Scientists at The Florida State University’s Center for Ocean-Atmospheric Prediction Studies (COAPS) have developed a new computer model that they hope will predict with unprecedented accuracy how many hurricanes will occur in a given season.
After about five years developing and assessing the model, Associate Scholar Scientist Tim LaRow and his COAPS colleagues are putting the system to the test this year with their first-ever hurricane forecast. The COAPS model is one of only a handful of so-called “dynamical models” in the world being used to study seasonal hurricane activity.
The COAPS model has predicted a below-average season in the Atlantic Ocean, with a mean of eight named storms and four hurricanes based partially on emerging El Nino conditions. During an El Nino, the warmer ocean temperatures in the tropical eastern Pacific tend to suppress hurricane activity in the Atlantic. The historical seasonal average is 11 tropical storms and six hurricanes.

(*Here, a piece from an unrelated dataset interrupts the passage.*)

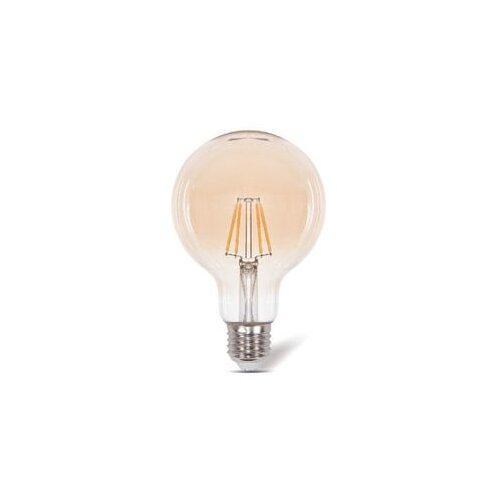  Žarulja LED filament 4W E27 3000K Slike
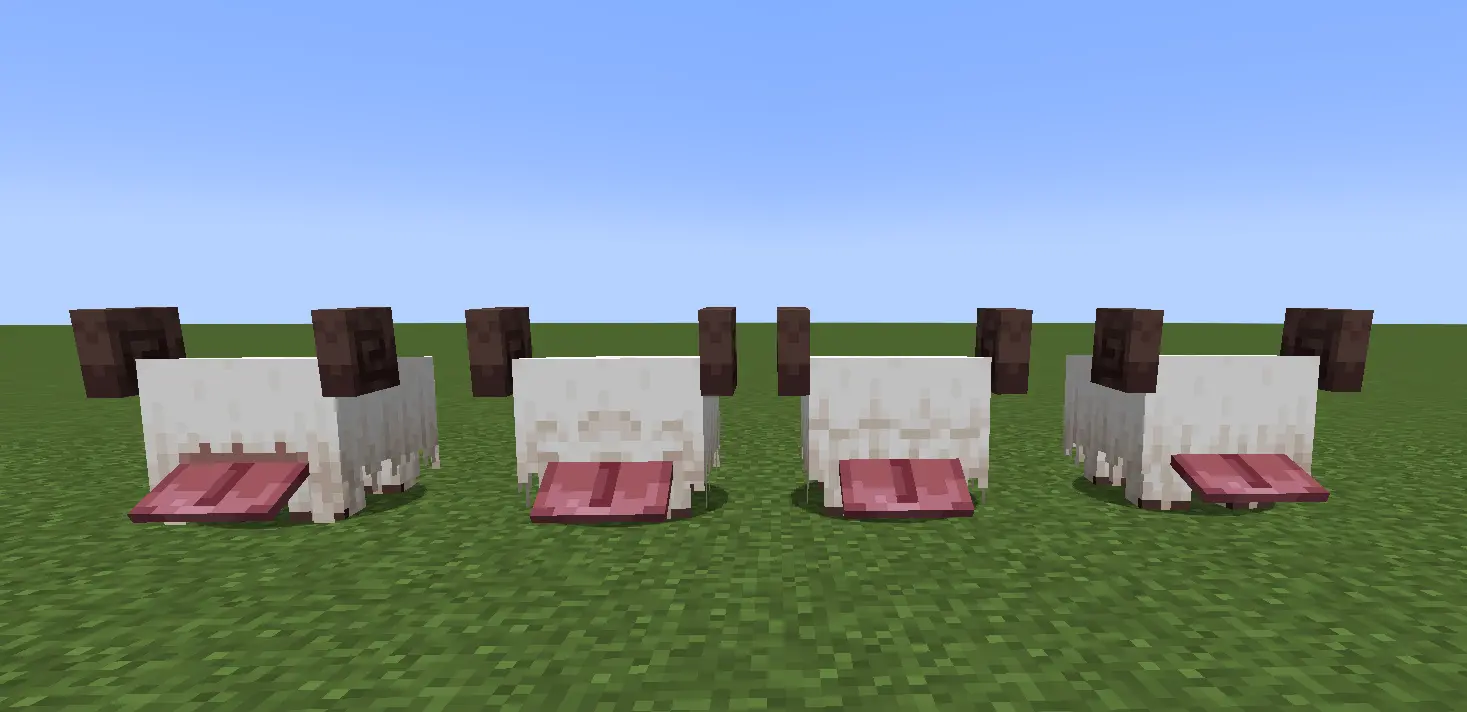 Snuffles Bedrock Edition Mod / Addon screenshot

“Making a real-time forecast for the first time is always very interesting and a very good test of the model,” LaRow said. “The hard part is in the waiting to see how the model verifies.”
LaRow and COAPS researchers Lydia Stefanova and Dong-Wook Shin issued their forecast on June 1, the official start of the six-month hurricane season. The tropics traditionally don’t become active until the early fall months, so it’s too early to tell if the forecast is on track. However, the researchers have good reason to feel confident.

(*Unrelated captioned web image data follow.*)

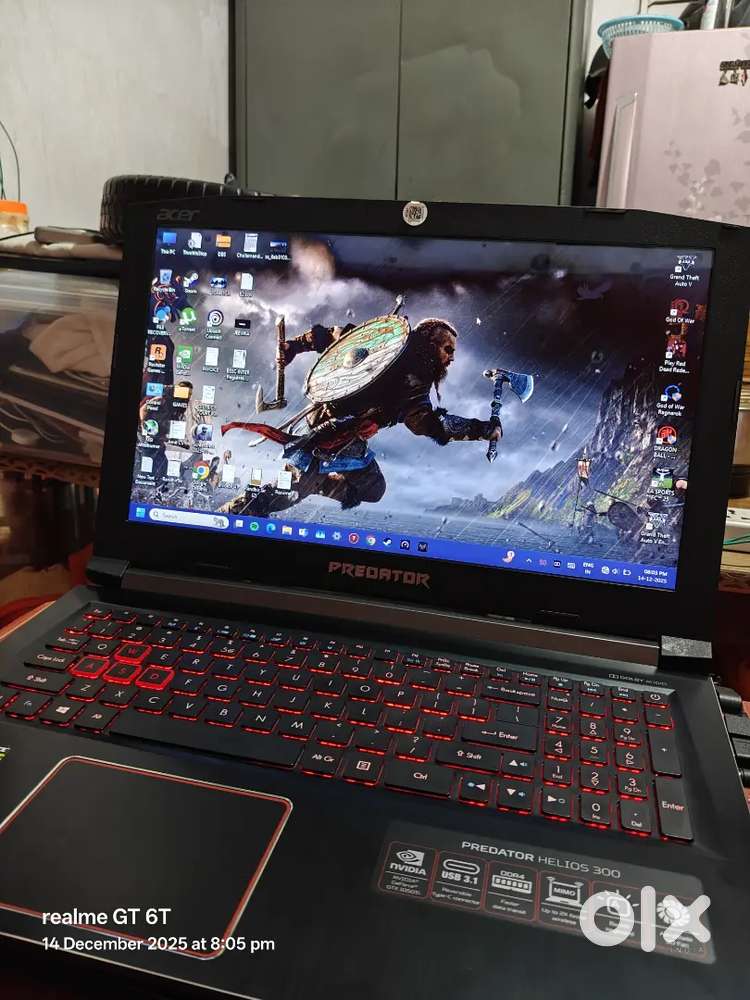 ACER PREDATOR HELIOS 300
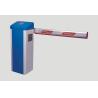 Buy cheap Vehicle Parking Access Electric Automatic Boom Gates With Powder Coated from wholesalers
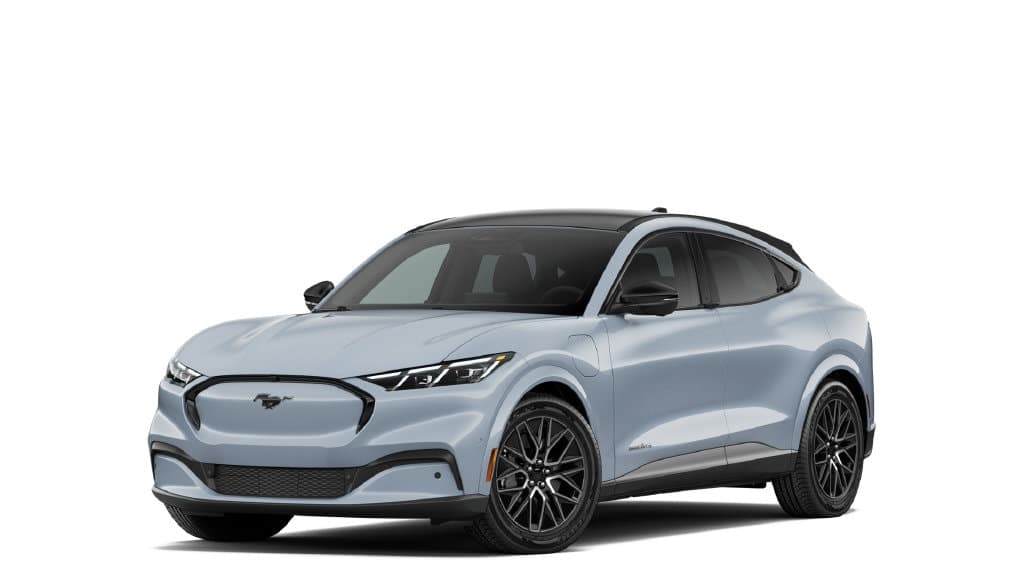 2026 Ford Mustang Mach-E Premium — photo 1 of 15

Before making this year’s prediction, they used the model to perform 20 years of re-forecasts, or hindcasts, using the sea surface temperatures determined by the National Oceanic and Atmospheric Administration on June 1 of every year from 1986 to 2005. They found a very high correlation between the model’s predictions of the number and intensity of tropical cyclones and what actually occurred during those years.
In addition, the model outperformed many statistical and other dynamical models, LaRow said. Statistical models use statistical relationships between oceanic and atmospheric variables to make a forecast, while dynamical models, such as the COAPS model, require major computing resources in order to make trillions of calculations using the equations of motion along with the best physical understanding of the atmosphere.

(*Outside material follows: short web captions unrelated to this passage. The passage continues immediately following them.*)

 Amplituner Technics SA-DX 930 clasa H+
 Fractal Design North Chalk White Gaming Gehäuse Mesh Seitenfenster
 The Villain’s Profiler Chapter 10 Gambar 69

The COAPS model uses the university’s high-performance computer to synthesize massive amounts of information including atmospheric, ocean and land data. A key component of the COAPS model is NOAA’s forecast of sea surface temperatures. But COAPS researchers continue to study their own model in an effort to better understand the relationship between sea surface temperatures and climate predictability.
“All models are unique, and what makes them unique is the physics inside them,” LaRow said. “How and why our model’s collection of physical processes captures the year-to-year variability so well needs to be better understood. This research will lead to even greater seasonal forecasting skill in the future.”
In 2006, COAPS received a $6.2 million, five-year grant from NOAA that has been used, in part, to support the development of this model.